Lymphedema is pronounced: "lim-fe-de-ma", or in Europe “lim-feed-emma”. Lymphedema is the swelling and soft tissue changes that occur in the area of the body where injury has occurred to the lymphatic system.  LYMPH is a clear fluid that carries proteins and other materials back to the heart through the lymphatic system.  EDEMA is swelling.


I was first trained in how to treat lymphedema, by my good friend, Doctor Marisa Perdomo, a physical therapist who now teaches at the University of California.  She was certified at the Földi Klinic in Hinterzarten, Germany, and encouraged me to do the same training.  I spent the month of May in 1999 studying at the Földi Klinic and am now a Certified Lymphedema Therapist (CLT) or CLT-Földi.  I have taught at the University of Puget Sound in Tacoma, Washington, and throughout the United States teaching other medical professionals edema management strategies or how to treat edema or swelling problems.  I consider myself a swelling specialist.  What I have really worked at is to teach patients how to manage their own swelling problem to the best of their ability and the best of their desire.

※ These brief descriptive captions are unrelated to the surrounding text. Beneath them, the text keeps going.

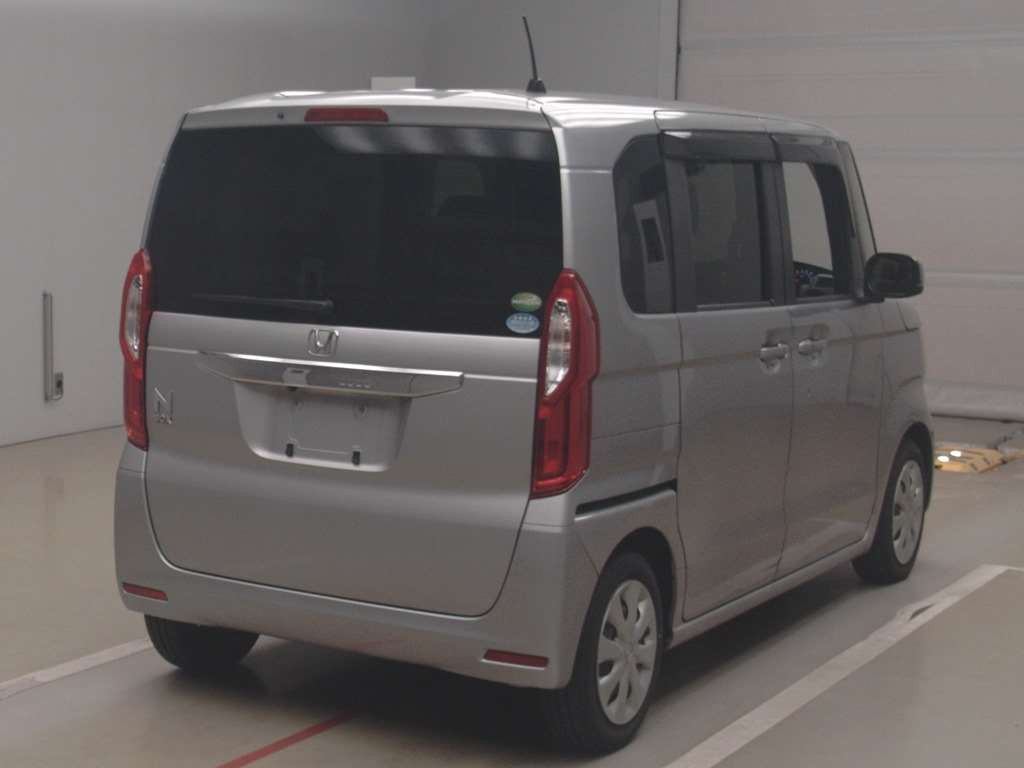 2018 Honda N-BOX JF3[1]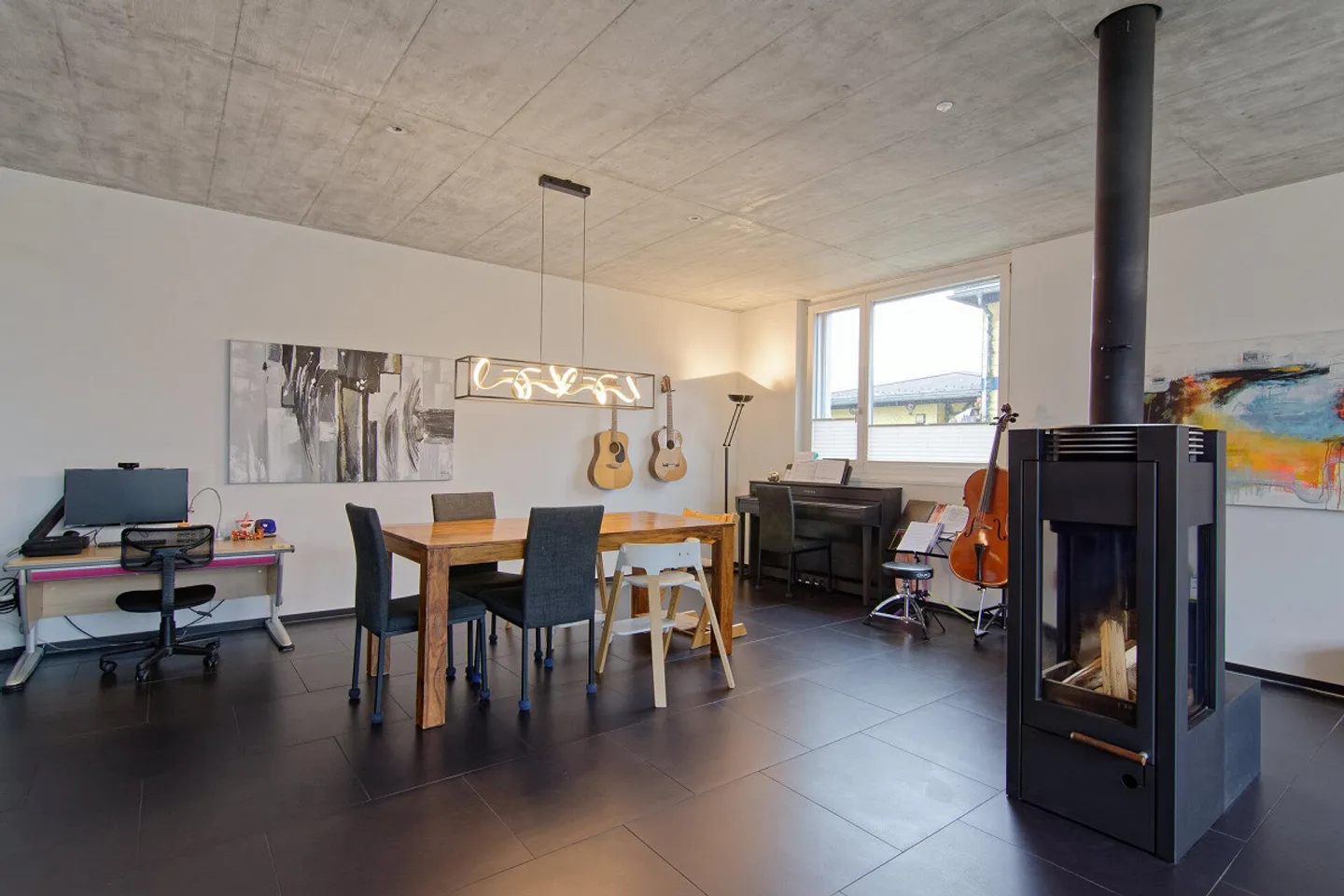 Charmanter Bungalow mit Garten - Foto 8 von 8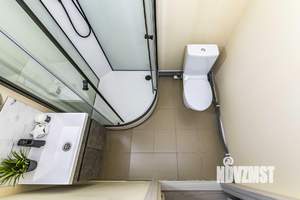 Студия квартира, посуточно, 30м2, 2/25 этаж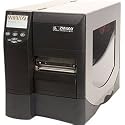 Zebra Z Series ZM400 - Label printer - B/W - direct thermal / thermal transfer - Roll (4.5 in) - 203 dpi - up to 600 inch/min - Parallel, Serial, USB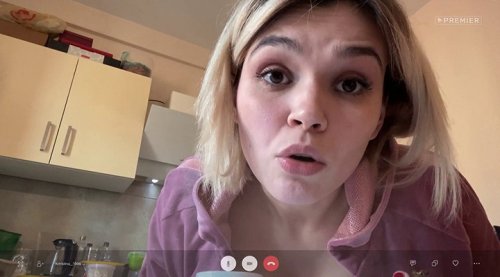 Окаянные дни (2020)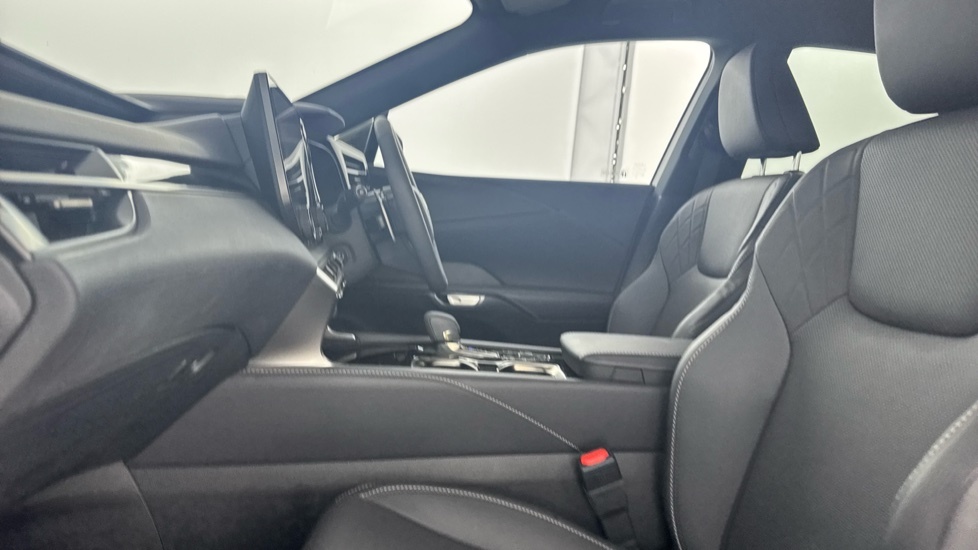 Lexus RX 2.5 450H 18.1Kwh Prem Suv Plug-in Hybr #6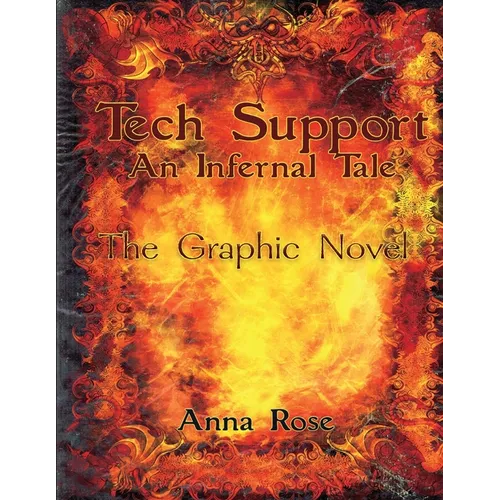 Tech Support: An Infernal Tale - Paperback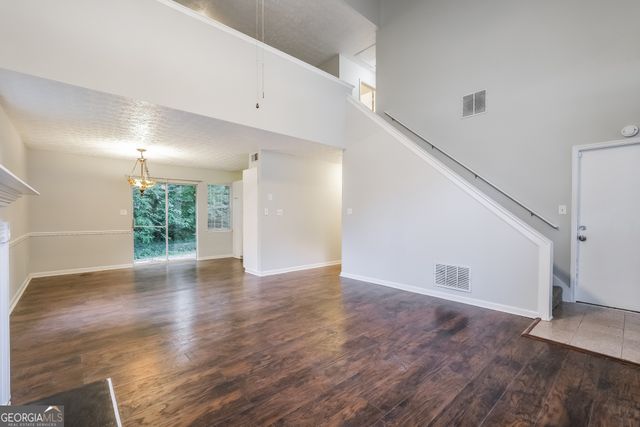 1701 Ivy Glenn Road, Decatur, GA 30032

The Circulatory and Lymphatic Systems

The heart pumps blood out into the body through the arteries–similar to a series of hoses that become progressively smaller until they are more narrow like the smallest part of a feather.  The smallest diameter artery is called an arteriole.  Once the blood reaches the arterioles it gets pumped out into the tissue space surrounding the other tubes and muscles and structure.  These tissue spaces are called the “interstitial space or interstitium” (think of this as a holding pond).  The arterioles connect to venules, which are the smallest part of the veins that get progressively bigger.  The veins get larger closer to the heart.  The veins or venous system carry most of the blood back to the heart.

In the tissue space surrounding the arterioles and venules, 90% of the blood is pulled back into the veins and returned to the heart.  However, the holding pond has 10% of the fluid remaining which has protein molecules from the blood that are too big to fit back into the veins.  The primary job of the lymphatic system is to carry these proteins back to the heart where they can rejoin the circulatory system.  The protein molecules cause a proliferation of scar tissue, which can harden and develop fibrosis, a significant hardness.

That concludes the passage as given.